_What you will do_:
Restate the listing below word for word, omitting any images.

_Dataset_:
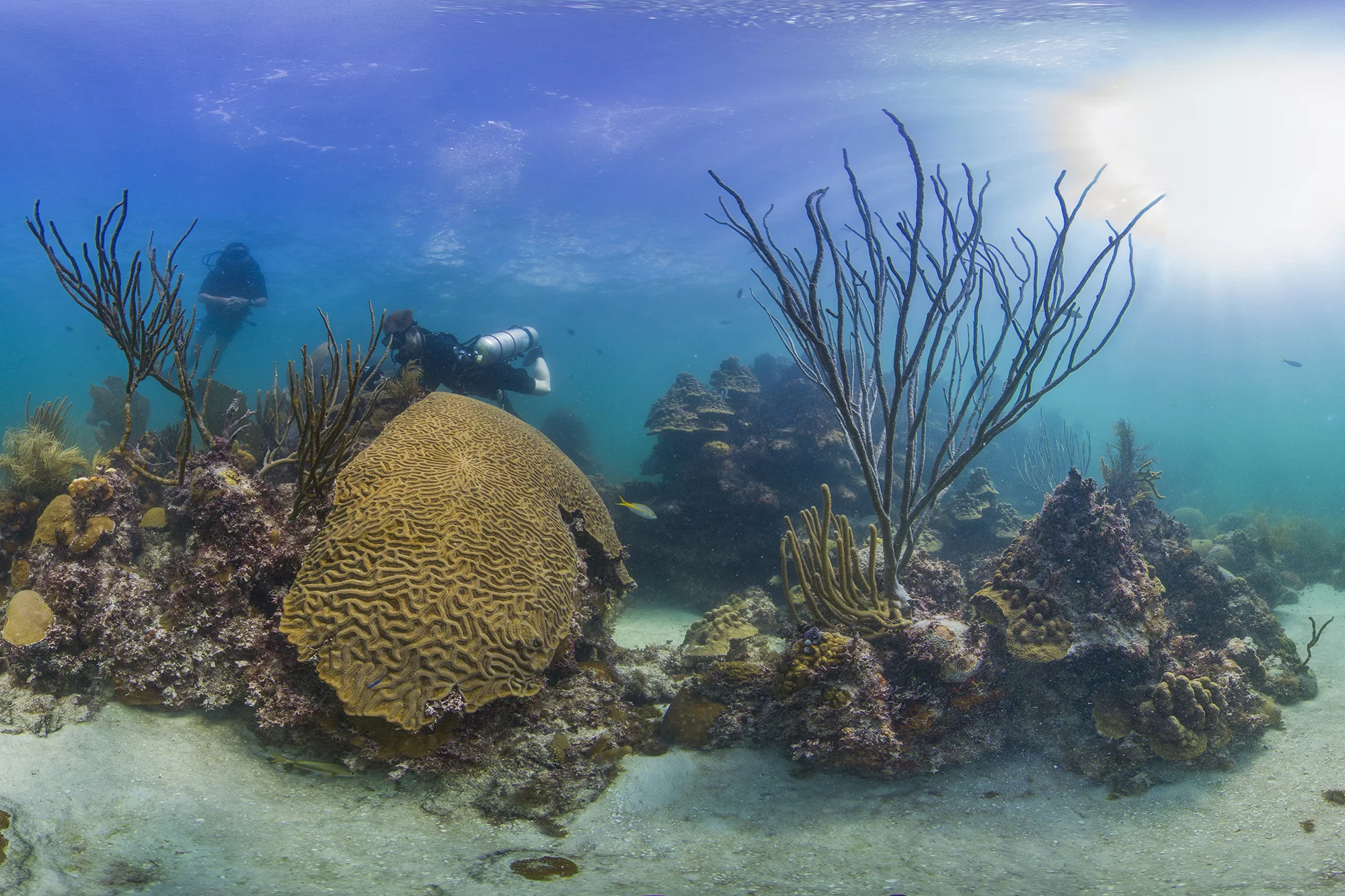 florida credit: THE OCEAN AGENCY / XL CATLIN SEAVIEW SURVEY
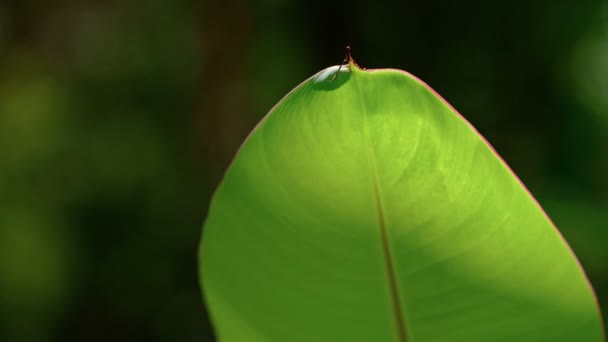 Primer plano de hoja de plátano — Vídeos de Stock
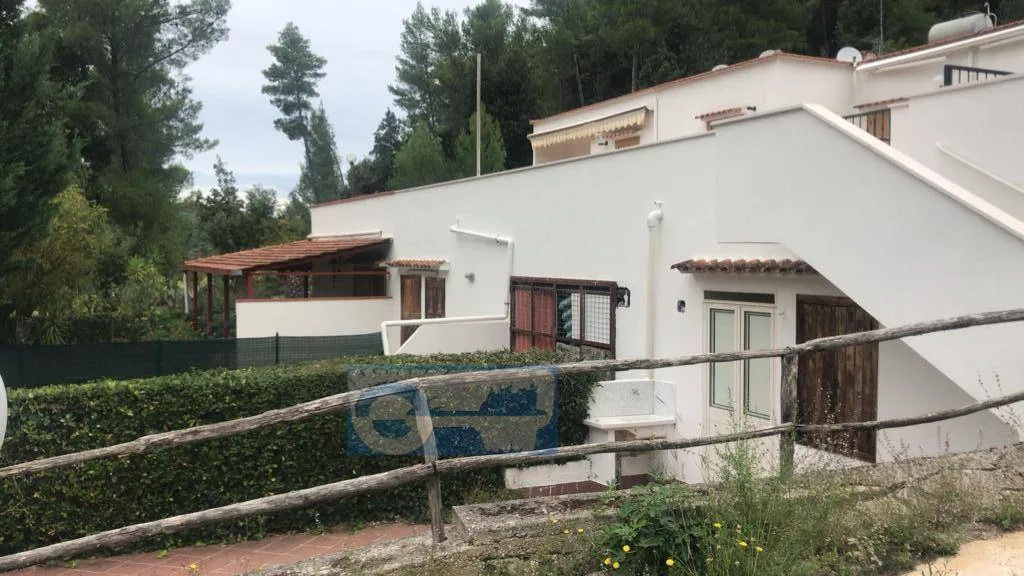 Immagine per Appartamento in vendita a Peschici Località Montestregone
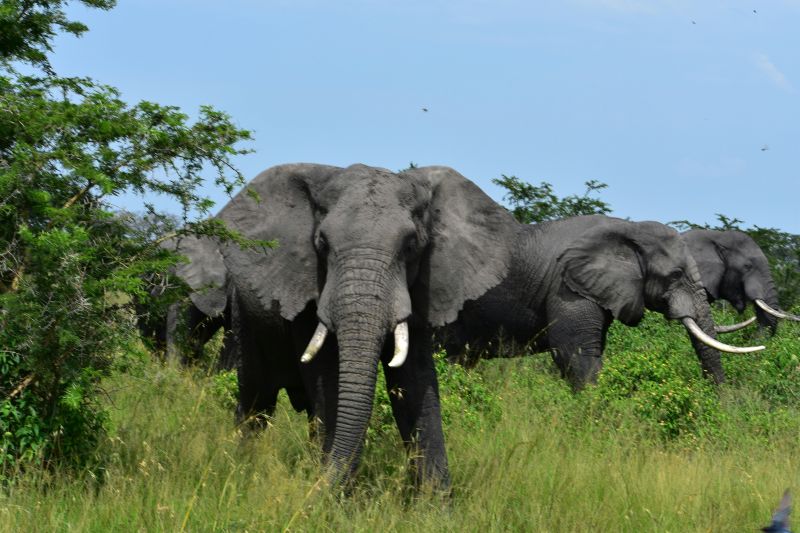 Addo Elephant National Park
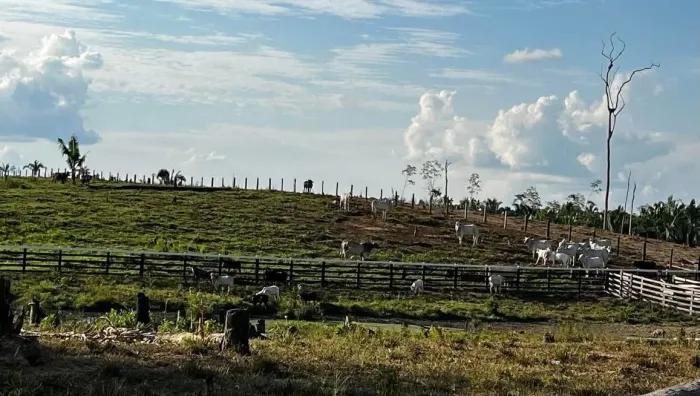 Fazenda de 1.770 hactares de pasto pra venda ou arrendamento em Labrea -AM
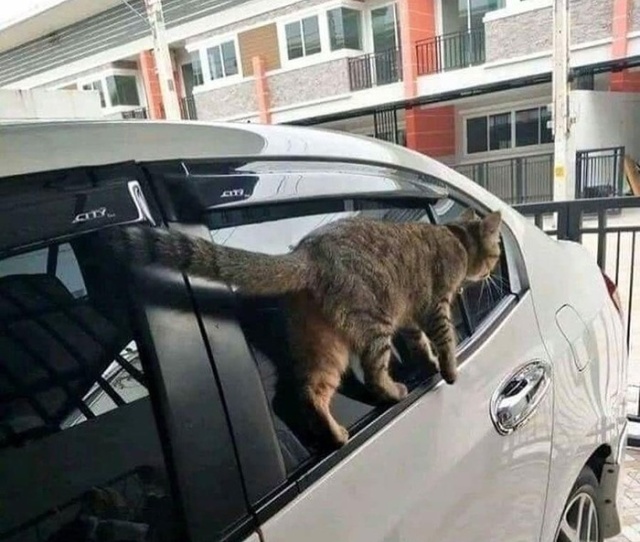 Картинки с надписями и коты, много котов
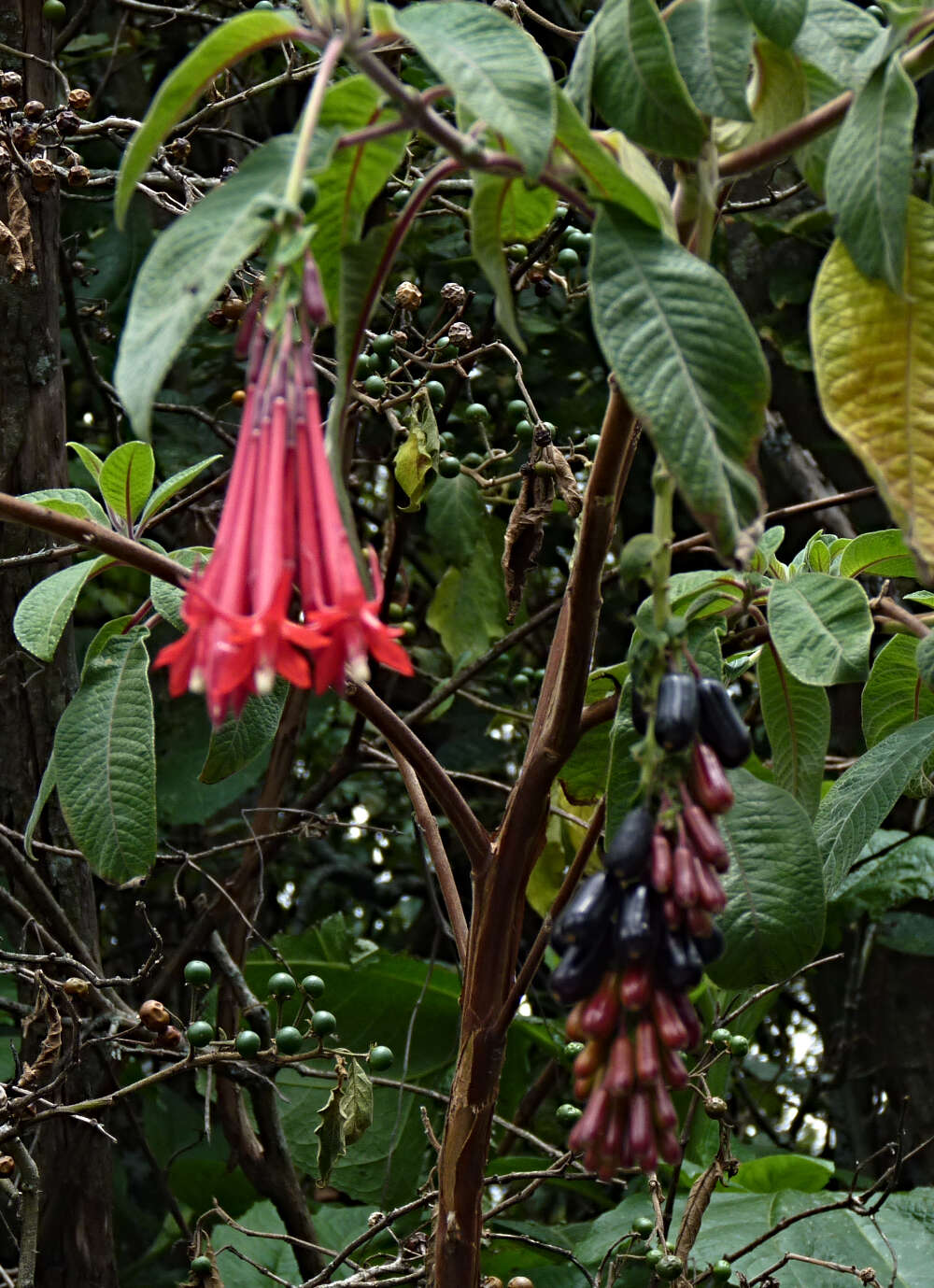 Image of Bolivian fuchsia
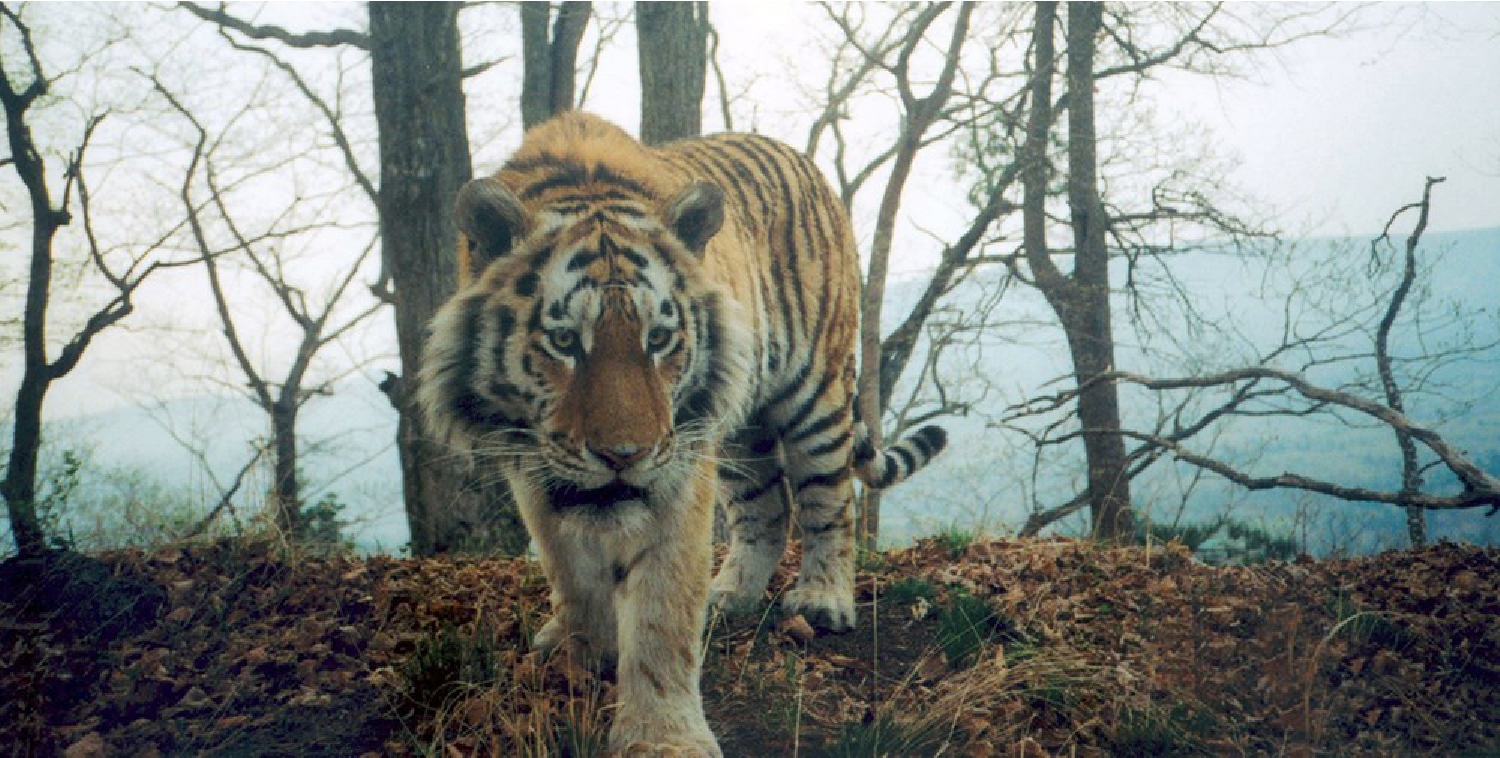 Tigers Between Empires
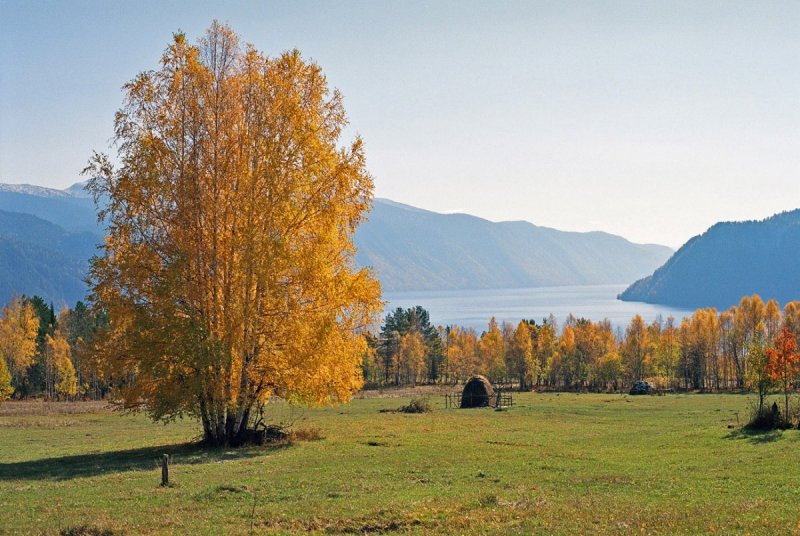 Природа Алтайского края осенью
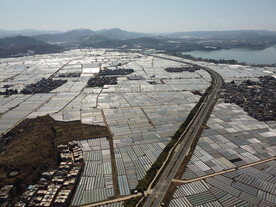 田野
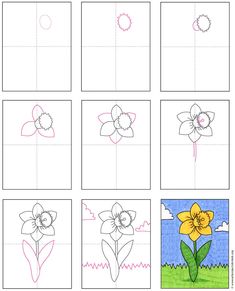 how to draw daffodil flowers step by step for kids and beginners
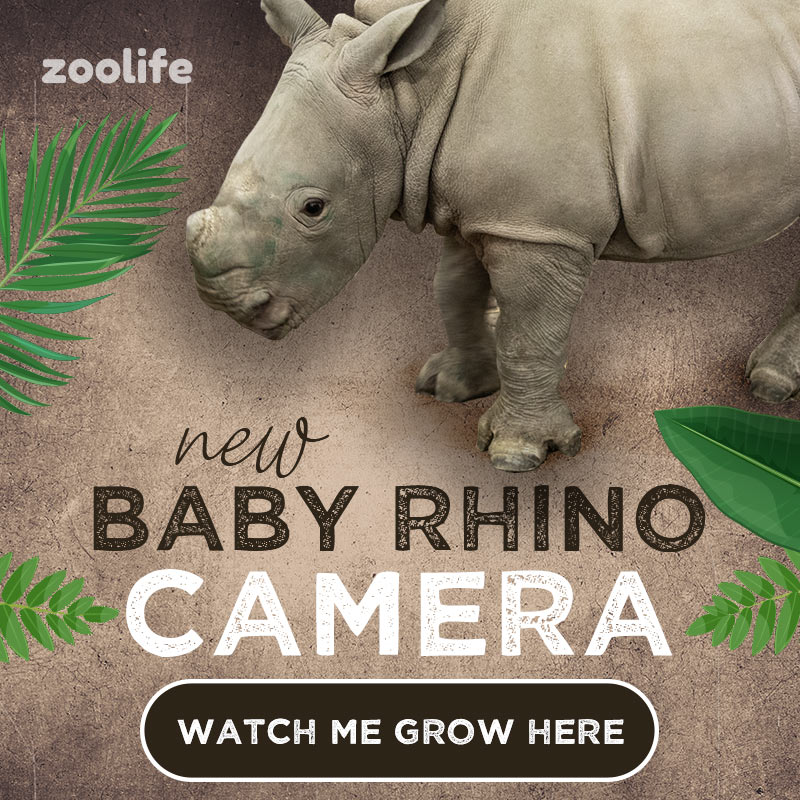 NEW Baby Rhino Camera! Watch Me Grow Here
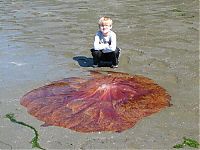 TopRq.com search results: Giant jellyfish, Kayak Point, Washington, United States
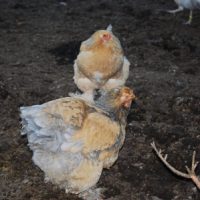 Brahmer Hühner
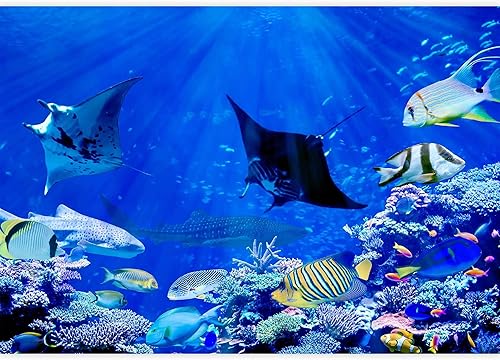 Miniatura 7 de wall26 Adhesivo mural removible para pared, paisaje escénico de Colorado, montaña, lago, bosque, naturaleza, desierto, fotografía, realismo, paisaje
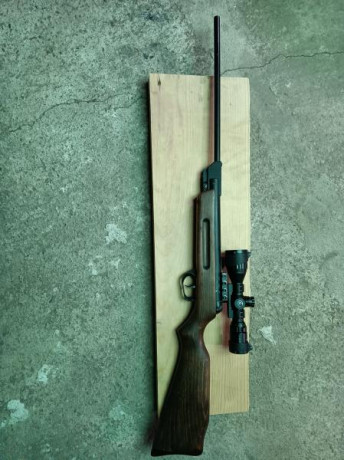 Hola tengo una carabina del 4.5 marca gamo de aprox 25 años o algo mas. Es muy masiva de madera, con estrias 30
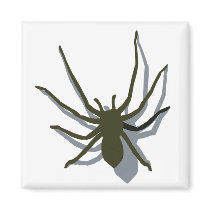 Spider with shadow magnet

_Exercise solution_:
 florida credit: THE OCEAN AGENCY / XL CATLIN SEAVIEW SURVEY
 Primer plano de hoja de plátano — Vídeos de Stock
 Immagine per Appartamento in vendita a Peschici Località Montestregone
 Addo Elephant National Park
 Fazenda de 1.770 hactares de pasto pra venda ou arrendamento em Labrea -AM
 Картинки с надписями и коты, много котов
 Image of Bolivian fuchsia
 Tigers Between Empires
 Природа Алтайского края осенью
 田野
 how to draw daffodil flowers step by step for kids and beginners
 NEW Baby Rhino Camera! Watch Me Grow Here
 TopRq.com search results: Giant jellyfish, Kayak Point, Washington, United States
 Brahmer Hühner
 Miniatura 7 de wall26 Adhesivo mural removible para pared, paisaje escénico de Colorado, montaña, lago, bosque, naturaleza, desierto, fotografía, realismo, paisaje
 Hola tengo una carabina del 4.5 marca gamo de aprox 25 años o algo mas. Es muy masiva de madera, con estrias 30
 Spider with shadow magnet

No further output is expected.